All-Ireland SFC Final/Losers' reaction: There is only one feeling inside the dressing-room of the beaten All-Ireland finalists: hurt. It doesn't matter if you've fallen gallantly or fallen without even the chance to fight.
"True, I don't think it matters how you lose," said Mayo selector Liam McHale. "You're beaten and that's it. It's a very disappointing situation. We just weren't physically able for that Kerry team. But we said all along that if we were going to be beaten this year, then we'd be beaten by a team that was better than us. There's no question that was the case today."
McHale has done much to help improve Mayo's tactics this season, but on days like this tactics mean little. This was a game that went beyond tactics, and into the hearts of a team pounding with three years of disappointment.
"I don't think we're just not as good as Kerry," McHale contended. "I believe this Kerry team has just turned into a machine, just like Armagh and Tyrone did in the last few years. They're big, strong, physical and athletic men and they were just way too powerful for us. It was like a good under-21 team against a good senior team.
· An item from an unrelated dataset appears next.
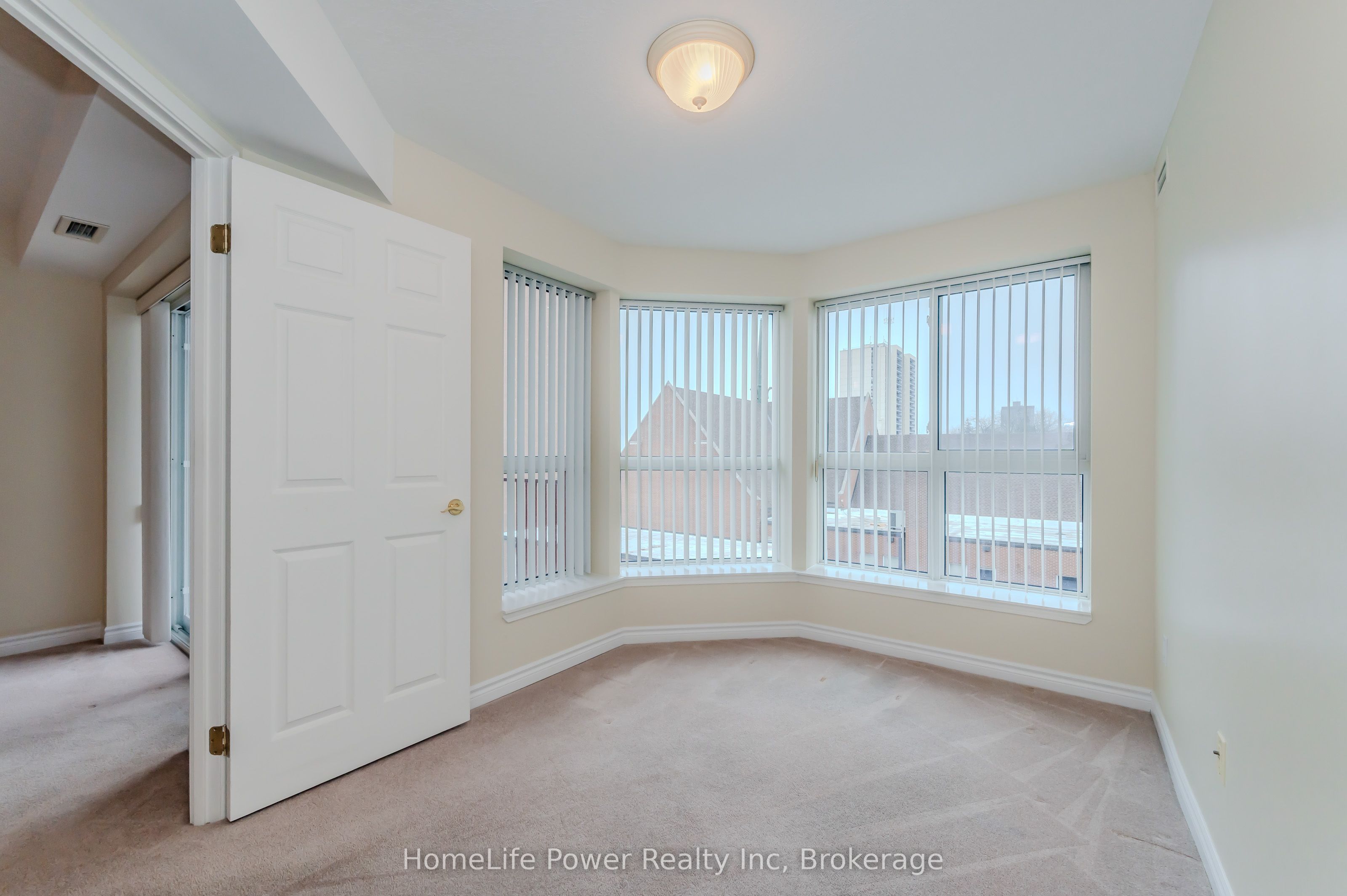 20 St George Street 506 Property Photo 12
"But I know from talking to some Kerry people that their players have lived in the gym on the off-season for the past two or three years, and I suppose they were preparing themselves for Tyrone and Armagh and the likes. So they just blew us out of the water.
"They were way too strong for us around the middle of the field, and must have won something like 85 per cent of the possession. I mean after 15 minutes we couldn't blink, because we were getting completely overpowered in the middle of the field.
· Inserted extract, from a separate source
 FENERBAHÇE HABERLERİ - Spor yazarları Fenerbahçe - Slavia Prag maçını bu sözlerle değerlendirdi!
"On other days we might have scored enough to win the match, but they were so much better than us. I think as they game wore on we got more disillusioned - but then we just didn't ask any questions of Kerry at all."
McHale has had his share of disappointing days in Croke Park, but even he must wonder how John Maughan must feel. Still, he's not letting that get the better of him.
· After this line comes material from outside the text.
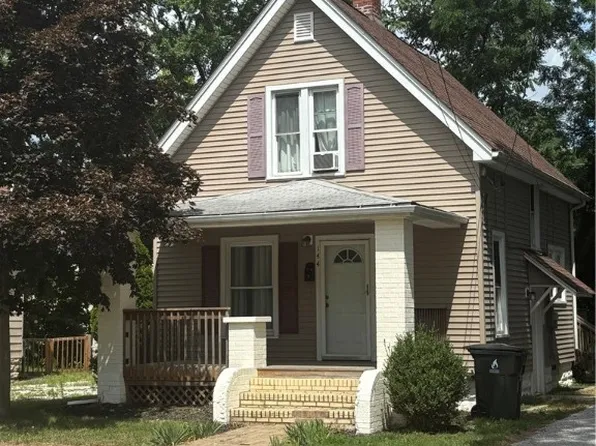 144 State St, Wadsworth, OH 44281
"Well, they still haven't dug that hole yet that I can jump into. But we're all involved with this because we want to see Mayo win an All-Ireland title. I haven't seen it in my lifetime, and guys just won't walk away from that. Some guys just persevere and try to do it.
"Quite clearly we were the ones that underperformed, and never made a contest out of it. I can't explain, and if I could have I wouldn't be standing here. We're just very, very disappointed.
"But Kerry were just the superior team in 14 or 15 positions. Probably all 15. When that happens and the game opens up there was nothing we could do about it."
The obvious question is asked: could anyone have beaten them on this day?
"When they're allowed to play that brand of football, I just don't know. But their range of skills and their fielding and their kicking was just exquisite. They played a style of football I don't think we've seen in recent times. And when a Kerry team gets a momentum going like that it is very difficult to do anything about it.
"Kerry's strategy was to kick long ball into the square. We could see that from the very off, and in normal circumstances we should have been able to deal with that quite comfortably. We've a big full back line, but we just got caught with that today."
Even at the half-way point - when Mayo trailed 1-12 to 1-4 - Maughan sensed the inevitable.
"We had to be realistic," he admitted. "Anyone could see that Kerry were the team that were going to win the All-Ireland final. I could have come in and told a lie, but they were the only team playing the football, and at that stage for us it was about damage limitation to a certain extent, trying to maintain a bit of pride in the jersey."
Hunched on a dressing-room bench, defender Peadar Gardiner attempts to explain that feeling of hopelessness.
"You can't turn the clock back now unfortunately. But it was such a long road to get here, and who knows, we might never get here again. But we knew we needed goals. And we never got going in the way we needed to get them. We just didn't respond to them lamping in the high ball, and the likes of Johnny Crowley was there for a reason today. They got great ball down to Colm Cooper, and their overall game was so intense I suppose they deserved to beat us off the field.
"I mean they really upped their level today. Maybe they weren't as good as they should have been the last couple of games, but they really came out of the traps today. We felt we could still do something at half- time, but we knew we needed a goal. They just came out of the blocks again, and that's very disheartening. I don't think we threw in the white flag because we all tried our hearts out."
Maughan's immediate future rests with the Mayo under-21s, who contest the All-Ireland final against Armagh next Saturday.